*GIVEN ENTRIES:*
=======
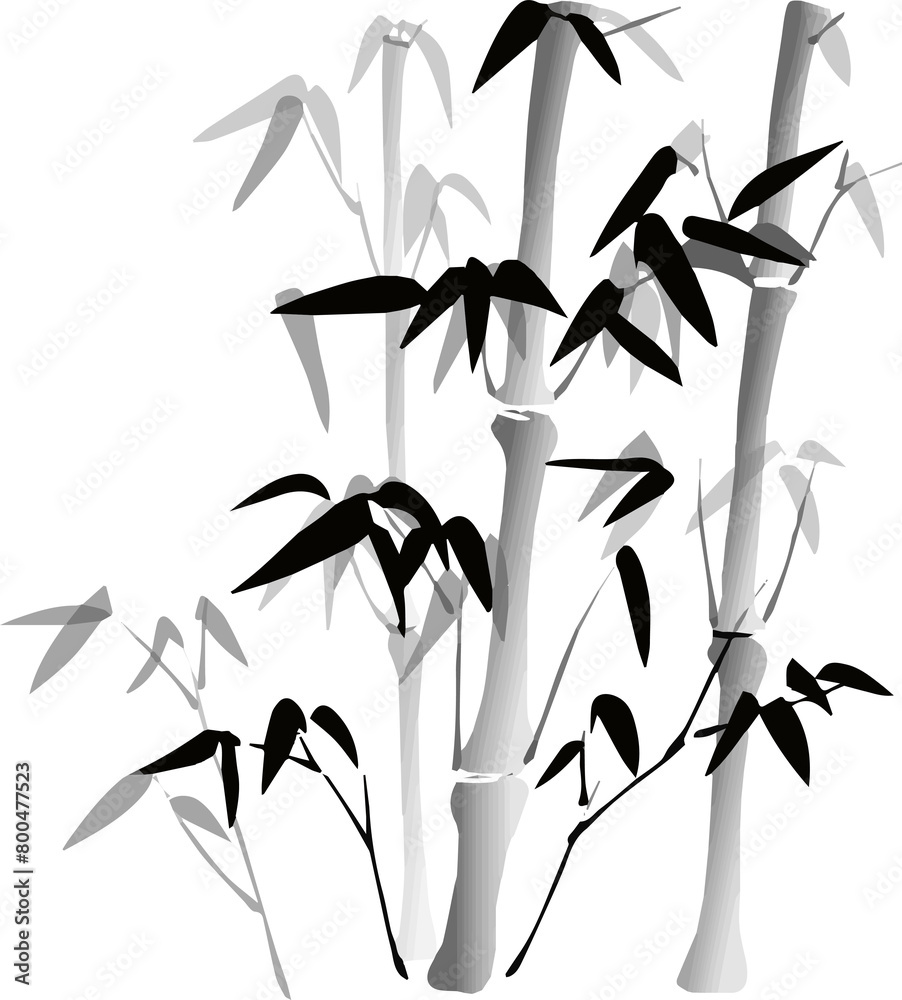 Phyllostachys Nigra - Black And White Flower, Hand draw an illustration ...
=======
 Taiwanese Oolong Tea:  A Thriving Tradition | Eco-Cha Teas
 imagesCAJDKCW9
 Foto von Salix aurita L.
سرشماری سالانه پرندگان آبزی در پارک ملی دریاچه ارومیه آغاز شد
=======
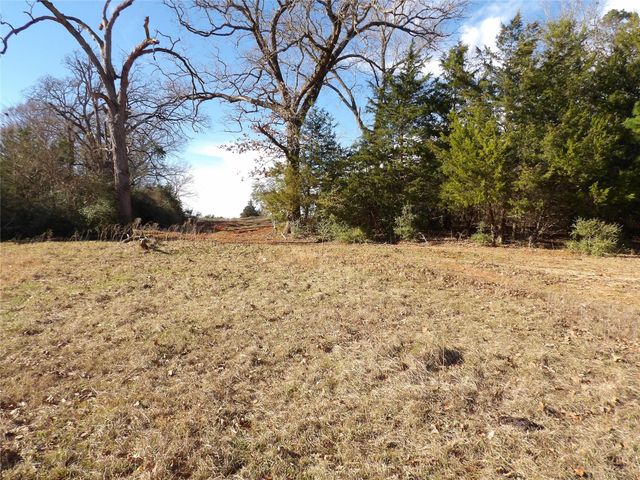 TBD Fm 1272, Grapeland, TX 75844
=======
*GOAL OF THE EXERCISE:*
Look above for the line with "Tradition | Eco-Cha Teas" and the line with "سرشماری سالانه پرندگان". Write out those two lines and all the lines between them, exactly, and no others.

*RESPONSE TO THE TASK:*
 Taiwanese Oolong Tea:  A Thriving Tradition | Eco-Cha Teas
 imagesCAJDKCW9
 Foto von Salix aurita L.
سرشماری سالانه پرندگان آبزی در پارک ملی دریاچه ارومیه آغاز شد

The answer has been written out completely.